Segment Start: SUPPLIED INFORMATION

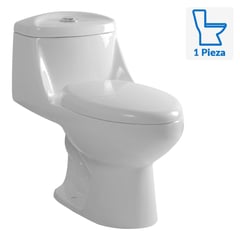 SENSI DACQUA - Sanitario One piece a Piso 30,5 cm 6 Litros Vinciny Blanco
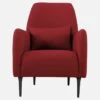 Habitat Fauteuil En Tissu - Rouge - Pieds Foncés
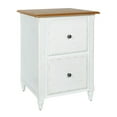 thumbnail image 1 of OSP Home Furnishings Medford File Cabinet withÂ&nbsp;white distressed faces with natural veneer tops, 1 of 6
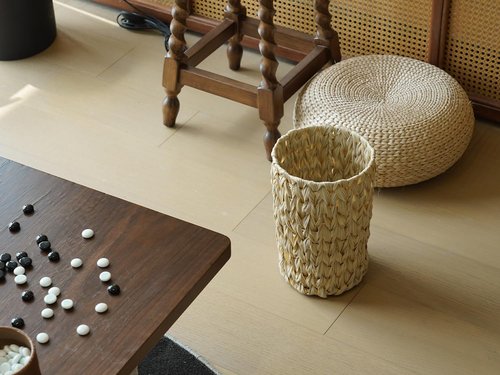 Coeusy Wicker Trash Can 2 Pack White
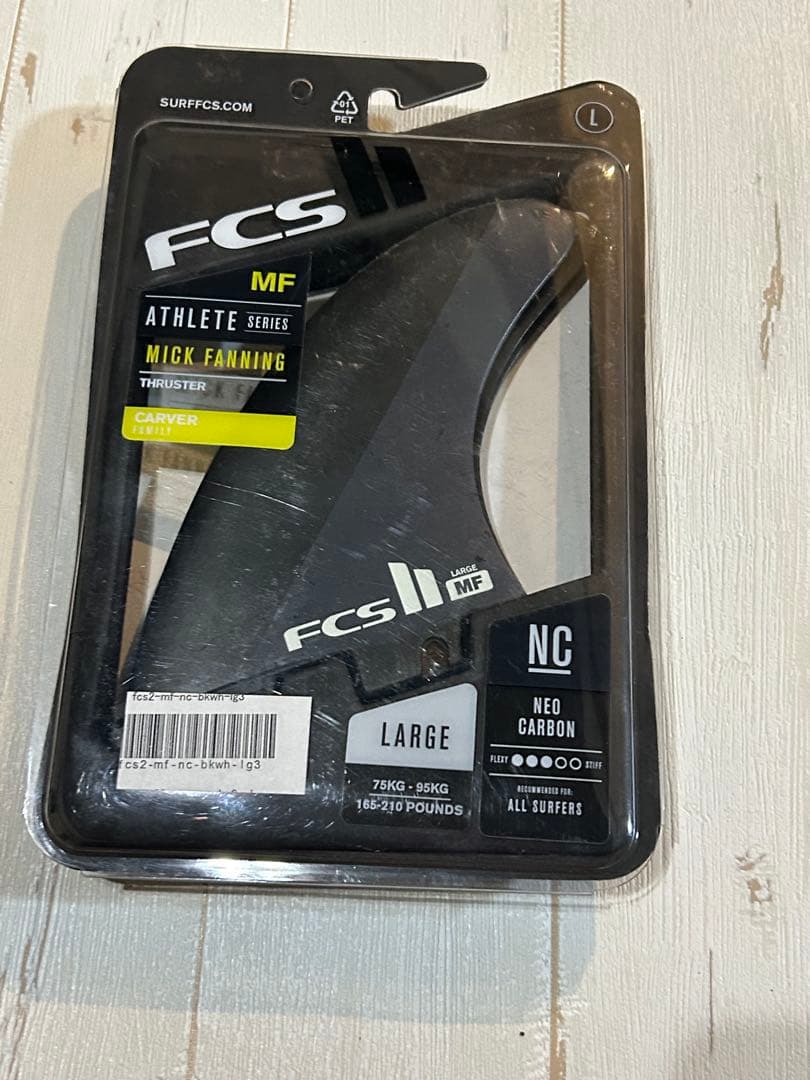 fcsミックファニングフィンLサイズ　ネオカーボン　 MFフィン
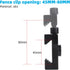 FPN Camera Fence Mount for Live Streaming, Fence Phone Holder Mounting Kit for Game Changer to Recording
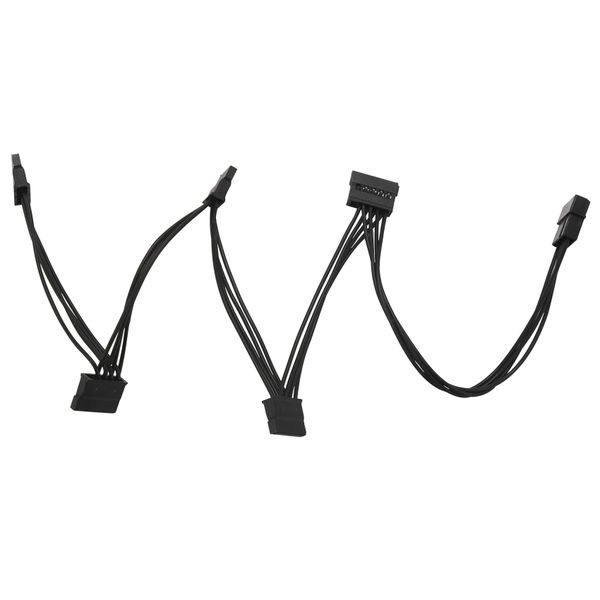 4Pin Ide 1 To 5 Sata 15Pin Hard Drive Power Supply Splitter Cable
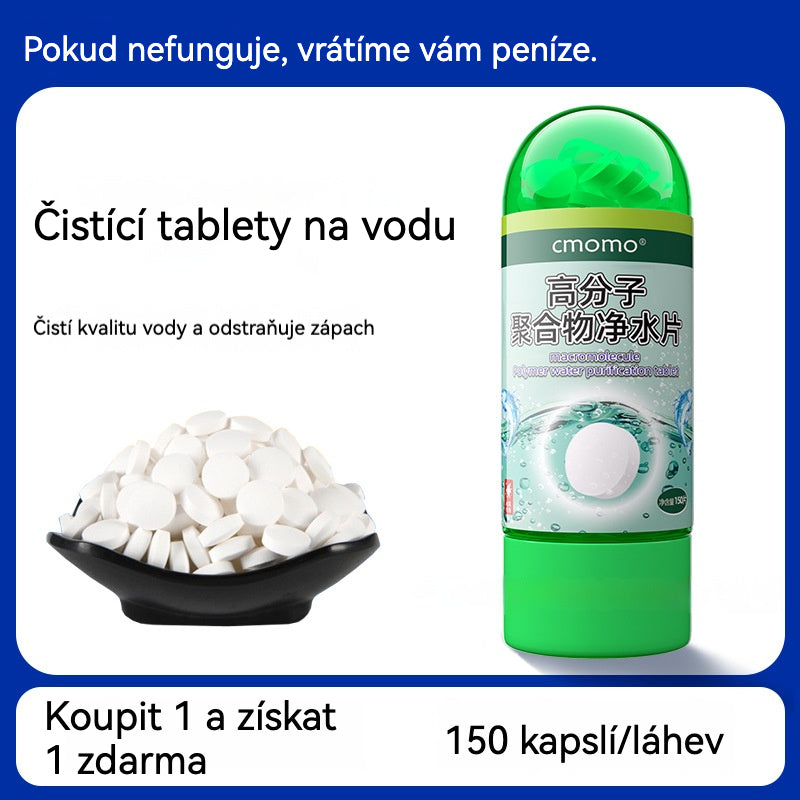 💦🐟Polymerové čisticí tablety｜Rychle odstraňují chlór a stabilizují vodu｜Výmena vody bez odstátí pro akvárium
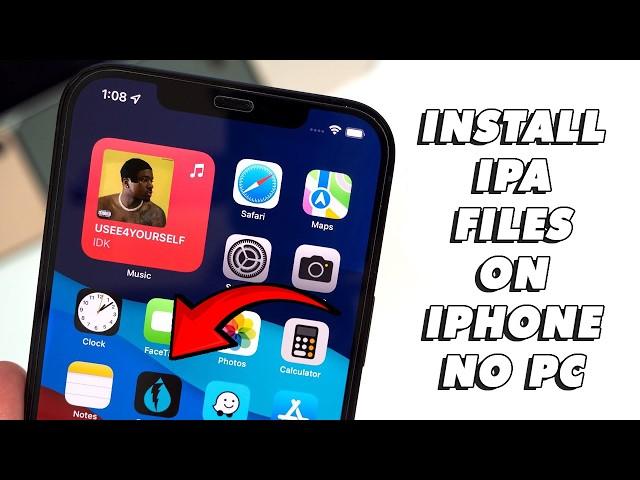 How to Install IPA File on iPhone Without Computer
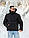 Куртка чоловіча зимова, напівбатал розміри 56-64 (3 кв)"SPORT" купити недорого від прямого постачальника, фото 4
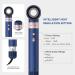 Buy MIRACOMB Ionic Hot Air Hair Dryer Brush - Professional Multi-Styler with Auto Wrap Curlers Intelligent Heat Control - Fast Drying for All Hair Types - Ceramic Blue - Buy Online on GoSupps.com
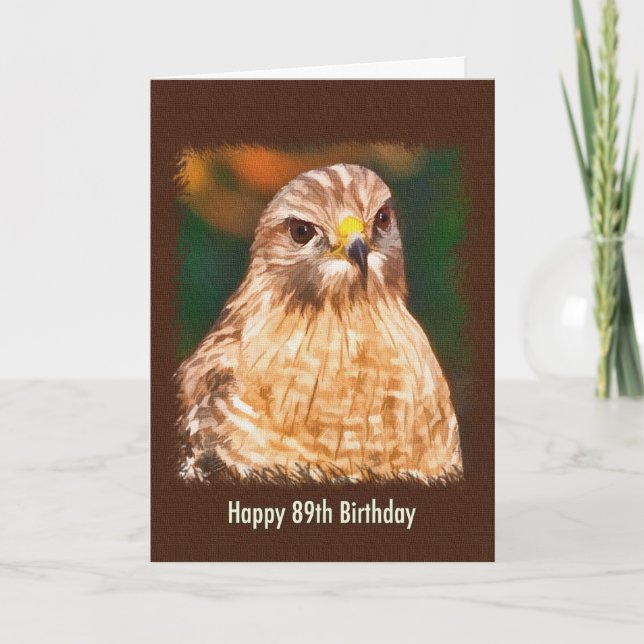 Carte 89e anniversaire, Hawk à épaulettes (Devant)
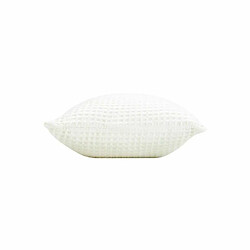 Paris Prix Coussin Déco Gaufrette 30x50cm Blanc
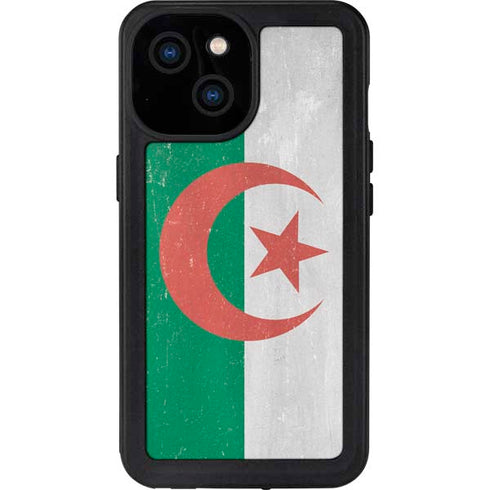 Algeria Flag Distressed iPhone 15 Waterproof Case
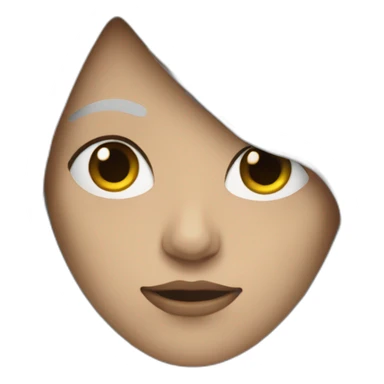 Broken human looking android sticker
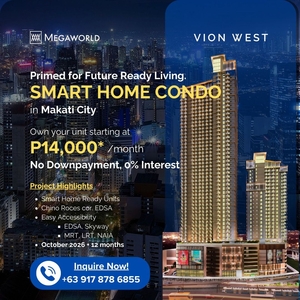 BEST DEAL No Downpayment Condo for Sale in Makati Vion Tower Vion West Megaworld Preselling on Carousell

Segment End: SUPPLIED INFORMATION

§ YOUR GOAL: Repeat every line above exactly, but omit all images.

§ WORKED SOLUTION:
 SENSI DACQUA - Sanitario One piece a Piso 30,5 cm 6 Litros Vinciny Blanco
 Habitat Fauteuil En Tissu - Rouge - Pieds Foncés
 thumbnail image 1 of OSP Home Furnishings Medford File Cabinet withÂ&nbsp;white distressed faces with natural veneer tops, 1 of 6
 Coeusy Wicker Trash Can 2 Pack White
 fcsミックファニングフィンLサイズ　ネオカーボン　 MFフィン
 FPN Camera Fence Mount for Live Streaming, Fence Phone Holder Mounting Kit for Game Changer to Recording
 4Pin Ide 1 To 5 Sata 15Pin Hard Drive Power Supply Splitter Cable
 💦🐟Polymerové čisticí tablety｜Rychle odstraňují chlór a stabilizují vodu｜Výmena vody bez odstátí pro akvárium
 How to Install IPA File on iPhone Without Computer
 Куртка чоловіча зимова, напівбатал розміри 56-64 (3 кв)"SPORT" купити недорого від прямого постачальника, фото 4
 Buy MIRACOMB Ionic Hot Air Hair Dryer Brush - Professional Multi-Styler with Auto Wrap Curlers Intelligent Heat Control - Fast Drying for All Hair Types - Ceramic Blue - Buy Online on GoSupps.com
 Carte 89e anniversaire, Hawk à épaulettes (Devant)
 Paris Prix Coussin Déco Gaufrette 30x50cm Blanc
 Algeria Flag Distressed iPhone 15 Waterproof Case
 Broken human looking android sticker
 BEST DEAL No Downpayment Condo for Sale in Makati Vion Tower Vion West Megaworld Preselling on Carousell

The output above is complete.